> DATA TO USE
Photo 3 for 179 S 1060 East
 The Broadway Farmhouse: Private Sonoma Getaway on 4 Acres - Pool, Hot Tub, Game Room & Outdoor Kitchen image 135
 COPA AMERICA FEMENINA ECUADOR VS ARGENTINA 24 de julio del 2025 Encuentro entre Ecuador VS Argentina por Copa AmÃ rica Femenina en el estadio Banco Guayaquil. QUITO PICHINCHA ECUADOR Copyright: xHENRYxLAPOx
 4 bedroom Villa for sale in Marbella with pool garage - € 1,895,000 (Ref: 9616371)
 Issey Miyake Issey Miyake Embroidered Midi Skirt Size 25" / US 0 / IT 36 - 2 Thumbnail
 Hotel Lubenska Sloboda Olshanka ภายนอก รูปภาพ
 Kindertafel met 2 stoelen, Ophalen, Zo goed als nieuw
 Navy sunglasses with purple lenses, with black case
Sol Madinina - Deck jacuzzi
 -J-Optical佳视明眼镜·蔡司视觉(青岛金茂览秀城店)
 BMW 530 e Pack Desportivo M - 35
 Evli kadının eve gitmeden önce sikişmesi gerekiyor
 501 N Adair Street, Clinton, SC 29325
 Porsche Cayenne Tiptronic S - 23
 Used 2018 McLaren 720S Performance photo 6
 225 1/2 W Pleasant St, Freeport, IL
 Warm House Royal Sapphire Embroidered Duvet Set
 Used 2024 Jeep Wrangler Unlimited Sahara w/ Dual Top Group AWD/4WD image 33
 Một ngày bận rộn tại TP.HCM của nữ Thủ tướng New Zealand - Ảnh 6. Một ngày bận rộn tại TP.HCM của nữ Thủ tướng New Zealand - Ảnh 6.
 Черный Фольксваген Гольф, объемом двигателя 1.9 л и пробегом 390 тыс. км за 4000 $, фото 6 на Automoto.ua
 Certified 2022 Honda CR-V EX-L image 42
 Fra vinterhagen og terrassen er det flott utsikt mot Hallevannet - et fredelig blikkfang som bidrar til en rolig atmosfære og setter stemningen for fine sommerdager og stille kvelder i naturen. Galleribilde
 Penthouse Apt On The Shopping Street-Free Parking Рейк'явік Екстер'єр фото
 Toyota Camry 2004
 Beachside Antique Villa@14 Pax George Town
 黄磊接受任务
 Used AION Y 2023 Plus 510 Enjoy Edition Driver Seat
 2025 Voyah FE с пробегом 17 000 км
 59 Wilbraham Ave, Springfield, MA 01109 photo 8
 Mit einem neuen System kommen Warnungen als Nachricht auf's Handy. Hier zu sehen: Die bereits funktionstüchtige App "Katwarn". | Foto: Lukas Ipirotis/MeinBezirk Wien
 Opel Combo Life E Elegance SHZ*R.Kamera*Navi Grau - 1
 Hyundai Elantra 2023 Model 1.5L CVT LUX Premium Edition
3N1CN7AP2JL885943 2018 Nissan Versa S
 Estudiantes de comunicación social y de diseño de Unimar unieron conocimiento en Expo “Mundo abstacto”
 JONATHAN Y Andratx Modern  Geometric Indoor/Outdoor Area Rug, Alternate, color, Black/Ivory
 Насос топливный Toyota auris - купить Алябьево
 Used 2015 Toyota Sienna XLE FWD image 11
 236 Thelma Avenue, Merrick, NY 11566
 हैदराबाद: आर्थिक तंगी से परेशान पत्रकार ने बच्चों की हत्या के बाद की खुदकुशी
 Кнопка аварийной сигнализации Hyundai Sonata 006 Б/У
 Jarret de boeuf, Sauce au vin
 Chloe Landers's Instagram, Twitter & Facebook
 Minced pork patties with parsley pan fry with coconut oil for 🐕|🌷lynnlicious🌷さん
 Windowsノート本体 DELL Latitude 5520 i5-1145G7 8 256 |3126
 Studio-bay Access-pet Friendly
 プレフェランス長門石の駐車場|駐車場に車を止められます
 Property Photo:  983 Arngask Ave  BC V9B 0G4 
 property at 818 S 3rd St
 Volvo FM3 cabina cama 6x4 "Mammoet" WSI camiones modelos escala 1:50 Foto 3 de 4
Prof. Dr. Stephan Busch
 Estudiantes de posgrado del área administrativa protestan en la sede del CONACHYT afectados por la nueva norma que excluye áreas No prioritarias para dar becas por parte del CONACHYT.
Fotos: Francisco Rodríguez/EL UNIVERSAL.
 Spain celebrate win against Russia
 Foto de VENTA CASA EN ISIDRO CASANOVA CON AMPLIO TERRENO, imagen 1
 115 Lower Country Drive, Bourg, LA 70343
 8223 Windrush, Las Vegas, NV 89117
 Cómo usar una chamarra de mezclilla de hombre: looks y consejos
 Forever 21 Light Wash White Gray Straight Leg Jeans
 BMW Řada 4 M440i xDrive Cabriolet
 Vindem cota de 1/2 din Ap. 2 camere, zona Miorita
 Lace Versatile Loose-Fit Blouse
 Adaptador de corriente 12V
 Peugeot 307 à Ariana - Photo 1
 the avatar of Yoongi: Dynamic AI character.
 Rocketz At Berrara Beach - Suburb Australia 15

> YOUR ASSIGNMENT
Every line in the data above that contains "Used" needs to be copied.

> EXERCISE OUTPUT
 Used 2018 McLaren 720S Performance photo 6
 Used 2024 Jeep Wrangler Unlimited Sahara w/ Dual Top Group AWD/4WD image 33
 Used AION Y 2023 Plus 510 Enjoy Edition Driver Seat
 Used 2015 Toyota Sienna XLE FWD image 11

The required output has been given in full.